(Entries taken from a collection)
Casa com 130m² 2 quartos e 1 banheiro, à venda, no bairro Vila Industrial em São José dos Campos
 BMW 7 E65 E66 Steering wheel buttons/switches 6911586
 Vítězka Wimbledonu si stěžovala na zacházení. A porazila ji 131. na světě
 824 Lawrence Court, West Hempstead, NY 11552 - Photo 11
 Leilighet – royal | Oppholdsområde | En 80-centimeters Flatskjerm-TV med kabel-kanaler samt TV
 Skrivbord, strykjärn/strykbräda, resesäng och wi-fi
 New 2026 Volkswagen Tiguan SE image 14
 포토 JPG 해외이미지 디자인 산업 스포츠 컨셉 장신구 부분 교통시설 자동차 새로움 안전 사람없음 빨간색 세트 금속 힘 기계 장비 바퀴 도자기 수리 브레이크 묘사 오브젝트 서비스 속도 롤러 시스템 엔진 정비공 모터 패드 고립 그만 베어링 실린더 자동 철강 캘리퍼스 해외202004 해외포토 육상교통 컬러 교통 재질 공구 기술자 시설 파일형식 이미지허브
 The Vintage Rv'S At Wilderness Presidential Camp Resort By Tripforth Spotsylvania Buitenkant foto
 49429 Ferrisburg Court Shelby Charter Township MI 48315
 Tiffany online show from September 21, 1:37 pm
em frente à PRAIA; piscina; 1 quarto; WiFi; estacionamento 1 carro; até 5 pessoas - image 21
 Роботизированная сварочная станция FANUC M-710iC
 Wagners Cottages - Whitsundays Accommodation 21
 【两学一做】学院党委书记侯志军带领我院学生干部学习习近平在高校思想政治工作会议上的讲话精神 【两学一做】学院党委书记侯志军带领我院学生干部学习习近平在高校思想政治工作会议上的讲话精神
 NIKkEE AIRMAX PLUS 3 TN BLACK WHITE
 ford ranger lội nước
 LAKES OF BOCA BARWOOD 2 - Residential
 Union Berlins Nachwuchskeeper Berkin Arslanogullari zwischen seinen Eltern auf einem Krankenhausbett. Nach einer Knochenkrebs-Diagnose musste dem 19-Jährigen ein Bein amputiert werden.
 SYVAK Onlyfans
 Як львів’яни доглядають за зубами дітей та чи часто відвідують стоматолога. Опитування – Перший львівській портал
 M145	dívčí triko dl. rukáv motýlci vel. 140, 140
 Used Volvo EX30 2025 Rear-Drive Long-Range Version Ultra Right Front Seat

> _REQUIRED ACTION_
Keep to the lines above, from the first one through the line where "em frente à" appears, and copy them exactly.

> _RESULT OF THIS EXERCISE_
Casa com 130m² 2 quartos e 1 banheiro, à venda, no bairro Vila Industrial em São José dos Campos
 BMW 7 E65 E66 Steering wheel buttons/switches 6911586
 Vítězka Wimbledonu si stěžovala na zacházení. A porazila ji 131. na světě
 824 Lawrence Court, West Hempstead, NY 11552 - Photo 11
 Leilighet – royal | Oppholdsområde | En 80-centimeters Flatskjerm-TV med kabel-kanaler samt TV
 Skrivbord, strykjärn/strykbräda, resesäng och wi-fi
 New 2026 Volkswagen Tiguan SE image 14
 포토 JPG 해외이미지 디자인 산업 스포츠 컨셉 장신구 부분 교통시설 자동차 새로움 안전 사람없음 빨간색 세트 금속 힘 기계 장비 바퀴 도자기 수리 브레이크 묘사 오브젝트 서비스 속도 롤러 시스템 엔진 정비공 모터 패드 고립 그만 베어링 실린더 자동 철강 캘리퍼스 해외202004 해외포토 육상교통 컬러 교통 재질 공구 기술자 시설 파일형식 이미지허브
 The Vintage Rv'S At Wilderness Presidential Camp Resort By Tripforth Spotsylvania Buitenkant foto
 49429 Ferrisburg Court Shelby Charter Township MI 48315
 Tiffany online show from September 21, 1:37 pm
em frente à PRAIA; piscina; 1 quarto; WiFi; estacionamento 1 carro; até 5 pessoas - image 21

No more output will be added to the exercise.